Diana Polisensky was born in a small town in Southern Rhodesia and moved to the US as a young woman and worked in genetic engineering. Now retired, she lives on the Oregon coast.

The Circumstances of the Author that led her to write the novel:

Diana Polisensky is a recluse living in a tree house on the edge of the Pacific. She was born into a medical family and grew up in a swimming pool in Africa while colonialism was still respectable. She crossed the Atlantic as a young woman, ending her career in genetic engineering behind the hedges at Rice University.

Whitewashed Jacarandas marks the first volume of a quartet describing the mostly ignored burst of development that took place between the end of WWII and the onset of the crisis with Britain over the rise of African Nationalism in Southern Rhodesia which led to rebellion, civil war and finally the election of Robert Mugabe.

The Author’s personal trajectory from Africa to America

Diana, born just after WWII, grew up in Que Que, a small mining town in Southern Rhodesia. It was an era of great expectations and idealism before the precipitant withdrawal by the British Government from its African territories. Her father was a Jewish doctor and her mother a gentile nurse. Diana trained at Salisbury Public Health Laboratories and Harare Hospital as a medical technologist.

Newly married, she immigrated to the United States two years after the disastrous Declaration of Independence by Ian Smith in 1965. She has lived on all three coasts in the US, within the rimrocks of Billings, Montana and four years beside the gold dumps of Johannesburg, South Africa. She retired from Rice University to the Oregon coast, where she still lives with her husband. Her two sons live in Boston and Los Angeles.

Speaker Introduction:

Diana Polisensky (pronounced Pol-ish-SHEN-sky) was born and bred into a medical family in Southern Rhodesia and herself pursued a career first in medical technology and later in basic research in genetic engineering before she retired to the Central Oregon Coast.

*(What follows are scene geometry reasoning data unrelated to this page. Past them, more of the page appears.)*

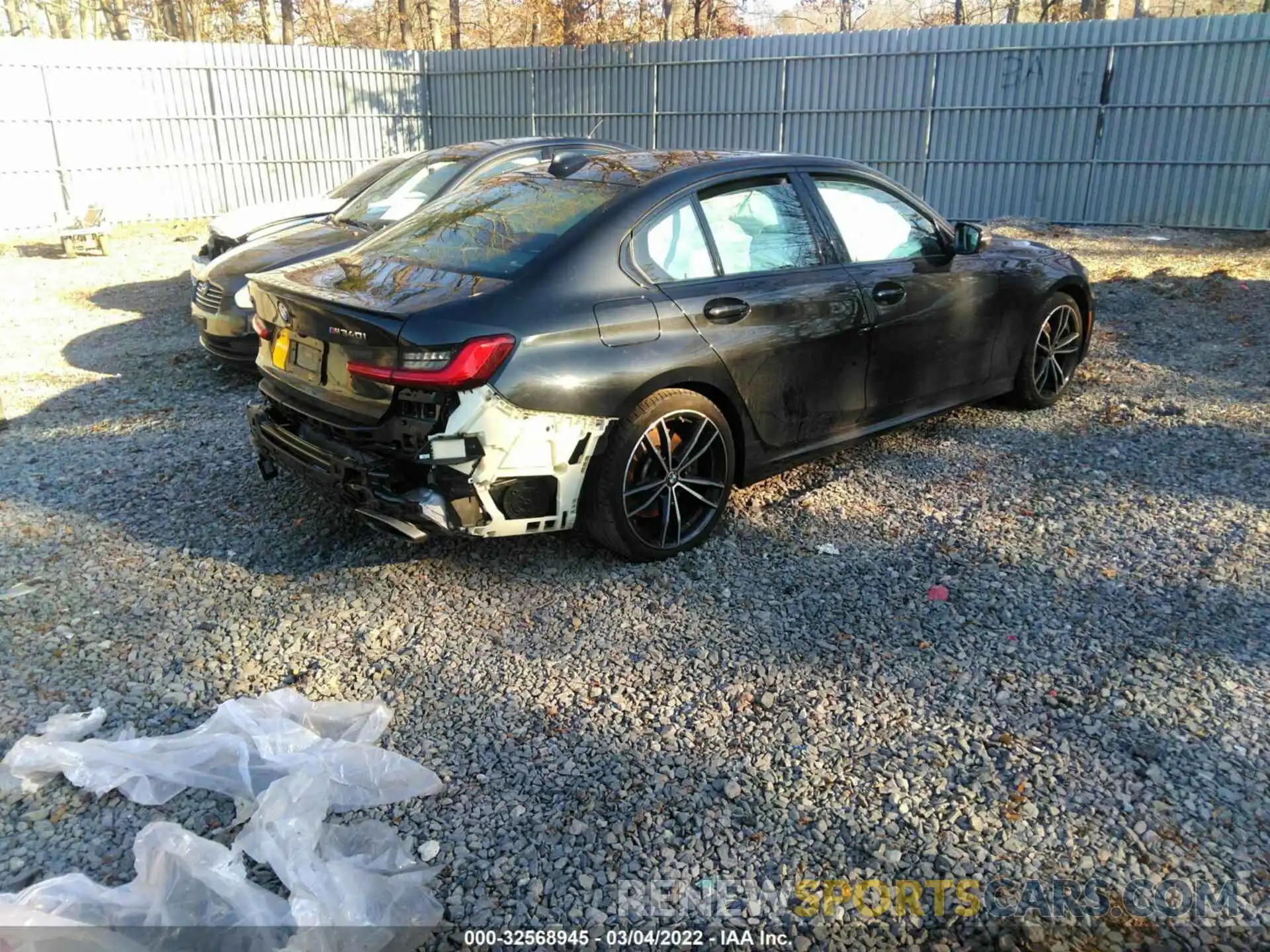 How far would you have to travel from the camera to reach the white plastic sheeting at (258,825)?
2254 millimetres

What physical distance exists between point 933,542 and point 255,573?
306 cm

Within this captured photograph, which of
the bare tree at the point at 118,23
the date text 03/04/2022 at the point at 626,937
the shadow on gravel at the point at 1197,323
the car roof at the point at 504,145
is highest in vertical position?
the bare tree at the point at 118,23

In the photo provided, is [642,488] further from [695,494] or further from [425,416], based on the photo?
[425,416]

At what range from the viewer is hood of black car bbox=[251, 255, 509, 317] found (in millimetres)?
3664

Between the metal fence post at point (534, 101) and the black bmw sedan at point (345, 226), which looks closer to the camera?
the black bmw sedan at point (345, 226)

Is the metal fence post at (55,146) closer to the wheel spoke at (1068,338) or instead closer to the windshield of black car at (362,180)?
the windshield of black car at (362,180)

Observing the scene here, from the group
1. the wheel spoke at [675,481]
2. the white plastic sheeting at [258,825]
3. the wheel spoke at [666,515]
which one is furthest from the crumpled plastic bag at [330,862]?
the wheel spoke at [666,515]

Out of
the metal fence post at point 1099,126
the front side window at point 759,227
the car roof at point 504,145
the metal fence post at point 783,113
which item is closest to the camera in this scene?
the front side window at point 759,227

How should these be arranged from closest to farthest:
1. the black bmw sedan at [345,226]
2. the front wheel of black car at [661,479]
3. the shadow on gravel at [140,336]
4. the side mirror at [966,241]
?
the front wheel of black car at [661,479] → the side mirror at [966,241] → the black bmw sedan at [345,226] → the shadow on gravel at [140,336]

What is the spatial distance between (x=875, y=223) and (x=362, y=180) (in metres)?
5.27

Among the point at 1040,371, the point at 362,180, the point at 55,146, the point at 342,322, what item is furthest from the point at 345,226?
the point at 55,146

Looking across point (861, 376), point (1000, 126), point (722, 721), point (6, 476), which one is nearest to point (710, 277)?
point (861, 376)

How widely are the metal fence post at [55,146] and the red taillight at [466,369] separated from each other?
45.8 ft

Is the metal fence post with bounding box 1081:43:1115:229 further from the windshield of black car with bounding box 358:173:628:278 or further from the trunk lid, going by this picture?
the trunk lid
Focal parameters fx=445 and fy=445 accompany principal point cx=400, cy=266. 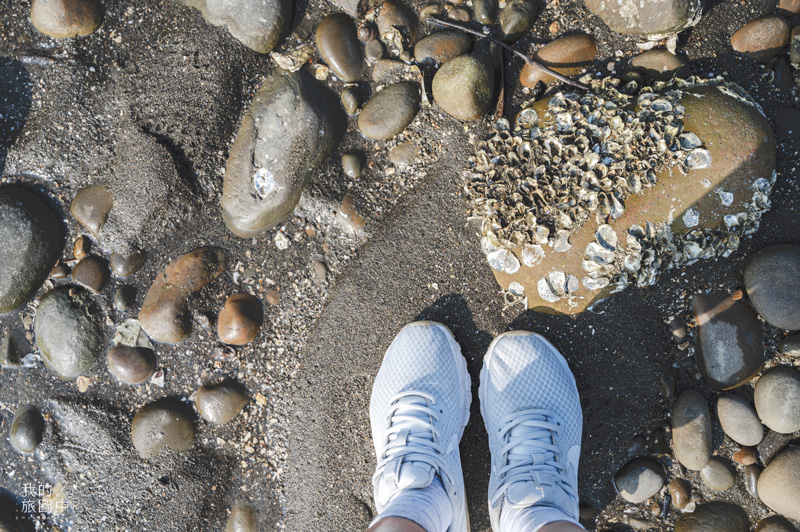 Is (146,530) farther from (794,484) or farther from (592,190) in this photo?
(794,484)

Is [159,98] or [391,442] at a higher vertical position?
[159,98]

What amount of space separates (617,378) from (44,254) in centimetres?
385

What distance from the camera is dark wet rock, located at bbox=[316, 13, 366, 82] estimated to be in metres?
2.92

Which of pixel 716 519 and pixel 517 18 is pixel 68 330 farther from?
pixel 716 519

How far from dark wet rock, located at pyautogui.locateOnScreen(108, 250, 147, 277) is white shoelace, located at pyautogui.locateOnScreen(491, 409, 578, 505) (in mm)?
2620

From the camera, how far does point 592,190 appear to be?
2.52 metres

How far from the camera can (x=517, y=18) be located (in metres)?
2.86

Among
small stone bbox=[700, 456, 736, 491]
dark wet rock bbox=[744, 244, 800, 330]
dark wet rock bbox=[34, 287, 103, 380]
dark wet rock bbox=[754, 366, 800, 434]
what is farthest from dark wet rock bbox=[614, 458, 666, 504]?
dark wet rock bbox=[34, 287, 103, 380]

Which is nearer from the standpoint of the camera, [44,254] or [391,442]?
[391,442]

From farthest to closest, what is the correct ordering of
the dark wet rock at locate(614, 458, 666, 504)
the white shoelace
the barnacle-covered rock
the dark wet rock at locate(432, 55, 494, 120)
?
the dark wet rock at locate(614, 458, 666, 504)
the dark wet rock at locate(432, 55, 494, 120)
the white shoelace
the barnacle-covered rock

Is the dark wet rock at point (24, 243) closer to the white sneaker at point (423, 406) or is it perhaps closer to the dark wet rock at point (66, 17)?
the dark wet rock at point (66, 17)

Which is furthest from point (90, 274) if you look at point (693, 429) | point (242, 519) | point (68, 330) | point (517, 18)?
point (693, 429)

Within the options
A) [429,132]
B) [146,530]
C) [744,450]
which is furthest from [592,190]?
[146,530]

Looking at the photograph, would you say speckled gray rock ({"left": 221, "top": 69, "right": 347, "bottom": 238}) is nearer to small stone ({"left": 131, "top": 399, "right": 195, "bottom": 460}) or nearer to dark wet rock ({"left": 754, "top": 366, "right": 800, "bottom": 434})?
small stone ({"left": 131, "top": 399, "right": 195, "bottom": 460})
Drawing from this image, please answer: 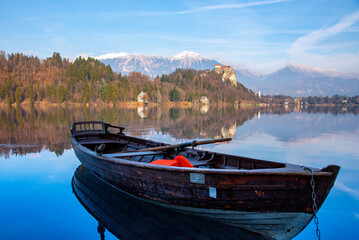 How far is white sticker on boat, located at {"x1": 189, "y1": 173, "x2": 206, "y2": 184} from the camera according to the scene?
580 centimetres

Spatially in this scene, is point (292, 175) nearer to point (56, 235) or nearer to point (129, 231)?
point (129, 231)

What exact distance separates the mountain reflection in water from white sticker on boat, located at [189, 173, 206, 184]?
1250 millimetres

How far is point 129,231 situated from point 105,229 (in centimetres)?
64

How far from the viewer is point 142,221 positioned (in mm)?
6758

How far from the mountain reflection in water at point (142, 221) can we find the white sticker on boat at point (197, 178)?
1.25 meters

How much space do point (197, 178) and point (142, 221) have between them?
6.80 feet

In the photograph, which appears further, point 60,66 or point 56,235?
point 60,66

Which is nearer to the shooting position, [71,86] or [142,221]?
[142,221]

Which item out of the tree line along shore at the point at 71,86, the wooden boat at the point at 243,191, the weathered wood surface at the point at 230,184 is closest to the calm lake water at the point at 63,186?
the wooden boat at the point at 243,191


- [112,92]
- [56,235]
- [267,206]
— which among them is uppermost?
[112,92]

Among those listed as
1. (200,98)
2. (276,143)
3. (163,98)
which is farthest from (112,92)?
(276,143)

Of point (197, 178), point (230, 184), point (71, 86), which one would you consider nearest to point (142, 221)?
point (197, 178)

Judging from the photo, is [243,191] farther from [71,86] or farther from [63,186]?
[71,86]

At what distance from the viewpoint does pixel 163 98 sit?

Recently, ranked #2 on Amazon’s Hot New Releases, her historical African novel, Whitewashed Jacarandas is based on the memoirs, short stories, letters and bits and pieces left her by her parents. Research at the Bodleian Library at Oxford uncovered 15 boxes of catalogued material of Sir Edgar Whitehead’s including a memoir of his early years. Her work was greatly enriched by a number of memoirs of others entrusted to her by subscribers to her weekly blog oncecalledhome posted over three and a half years and is held together by a healthy dose of imagination and just a touch of farce here and there. It has been a long labor of love and reflects a productive and idealistic time in Africa that has been largely overlooked. Let’s give Diana a warm welcome…

Fun Facts you didn’t know about her:

  • Born and bred in a thirsty land Diana loves the water. She grew up in a swimming pool and has snorkeled in Lake Nyasa; surfed on the Wild Coast of South Africa; dived the rose coral fields of Wakatobi, Indonesia; but is finally content to walk the edge of the NW Pacific every evening.
  • When the science was new she pioneered the transformation of the glow gene from the firefly into a weed and tracked its movement with an $80,000 camera.
  • She discovered an anti-freeze gene in a plant, took out a patent and hoped to revolutionize the agricultural world–but nature was not that easily fooled.
  • Now retired and confined by her tree house to a deck garden she grows 50 pots of this and that in the short NW summer.
  • Once an avid bird watcher traveling far and wide in search of another bird to check off her life list, Diana is now content to watch the hummingbirds at the feeder, the herons wading in the bay and occasional osprey hovering overhead.
  • She makes the world’s best shortbread (it’s Matron Griffin’s recipe from the archives of the New Government Hospital).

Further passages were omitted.